Because the October hackers were able to use default usernames and passwords on approximately 400,000 IoT devices to create their attack, the representatives requested that the FTC alert consumers to the dangers of using default passwords as well as work with device manufacturers to increase security and make password changes part of the device setup process.
“Most consumers whose devices were used in the recent DDoS attack or similar attacks will never know that their devices were accessed. Without their owners’ knowledge, the unsecured devices allow hackers to control their use and possibly learn private information about their owners. For example, a hacker may hijack a consumer’s home Web camera to learn intimate details of what is going on within the owner’s residence,” Pallone and Schakowsky wrote.
The representatives also expressed concern over devices that have hardwired default security, which doesn’t allow consumers to manually change the username or password information.
The FTC has published warnings about device security before in both a 2013 article on using IP cameras safely and a 2015 report on why device manufacturers should require consumers to change passwords from the default.

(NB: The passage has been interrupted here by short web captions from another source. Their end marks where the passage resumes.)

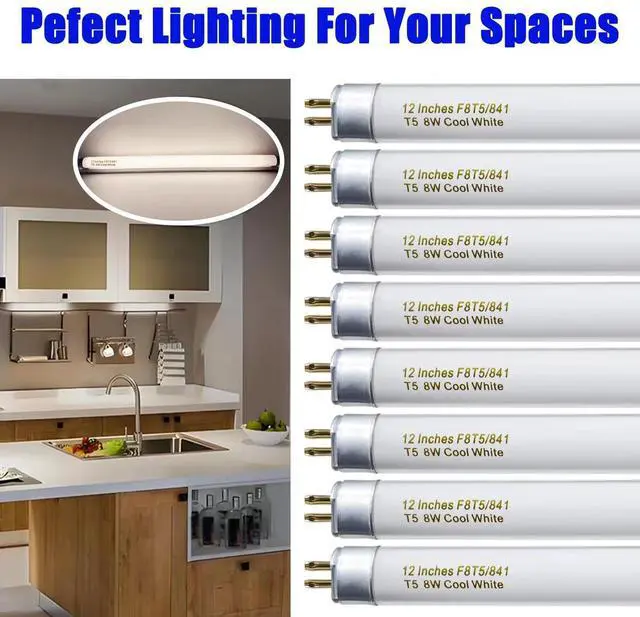 Alt view image 12 of 14 - 8 Pack F8T5/CW Fluorescent Bulbs, T5 12 inch 8 Watts Under Cabinet Light Bulb Cool White, G5 Mini Bi 420 Lumen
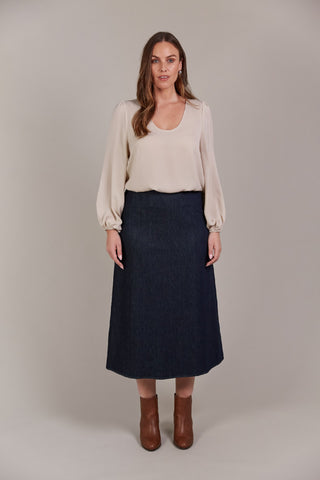 Eb/ive Skirt Pepi Midi Denim - Oxford [sz:xs]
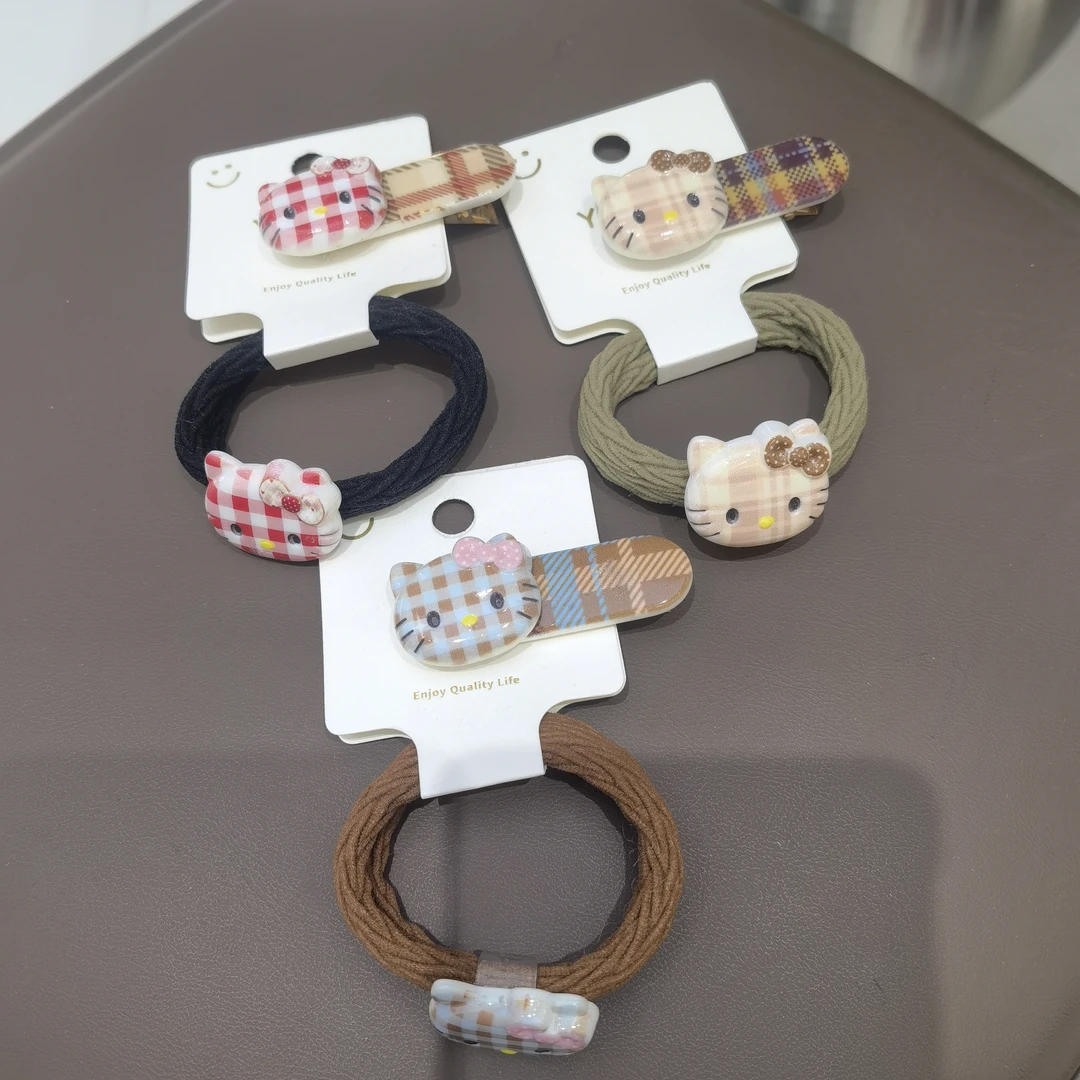 B741格子小KT边夹发绳一组三对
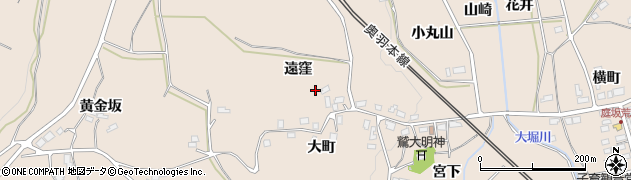 福島県福島市町庭坂（遠窪）周辺の地図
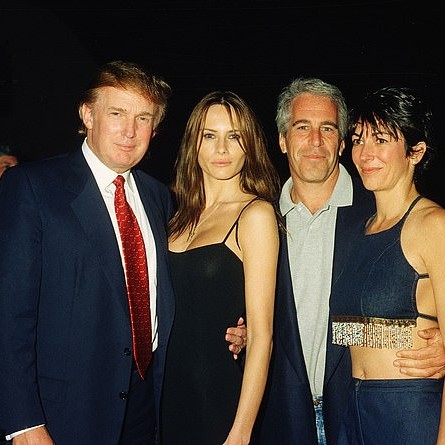 Donald Trump and Melania Trump with Jeffrey Epstein and Ghislaine Maxwell in 2000. Epstein claimed President Trump called Melania 'a hot piece of a**' shortly after he met her for the first time - DailyMailUS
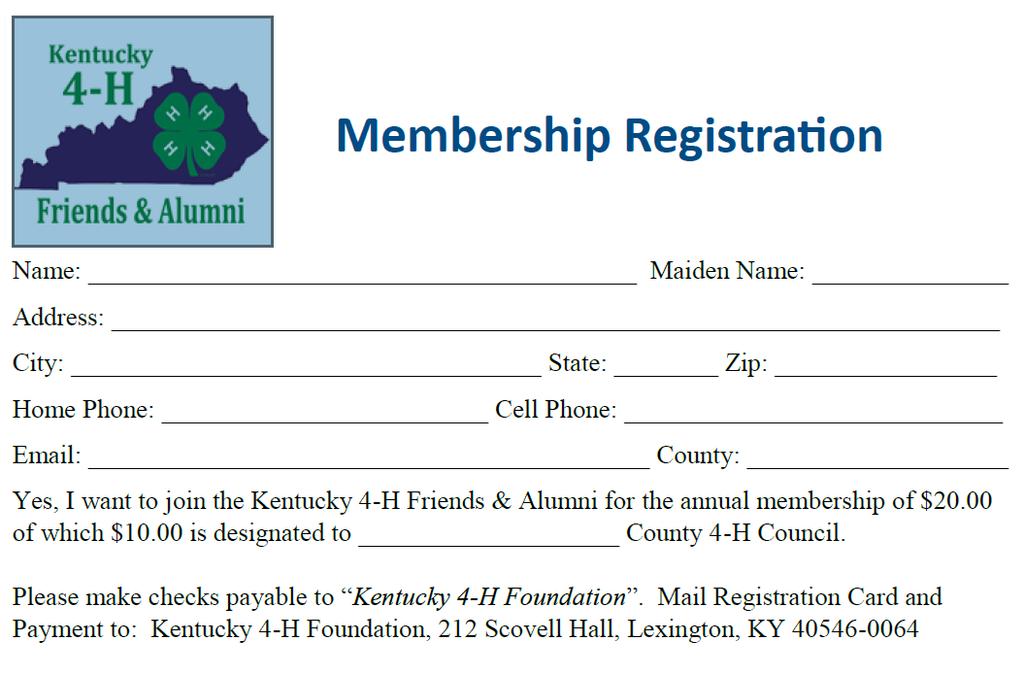 A GREAT WAY TO SHOW YOUR SUPPORT! During the month of April, Kentucky 4-H will be having a friendly competition between counties to see how many Friends & Alumni we can get.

“While the FTC’s past warnings are commendable, they are insufficient in the current environment. The FTC has published no additional warnings or advice to consumers in light of the October 21 DDoS cyberattack. An incident that security experts have labeled ‘historic’ coupled with the rapid proliferation of IoT devices raises these issues with renewed urgency. It is time for the FTC to strongly reinforce to both consumers and device manufacturers the need to adopt strong security measures,” Pallone and Schakowsky wrote.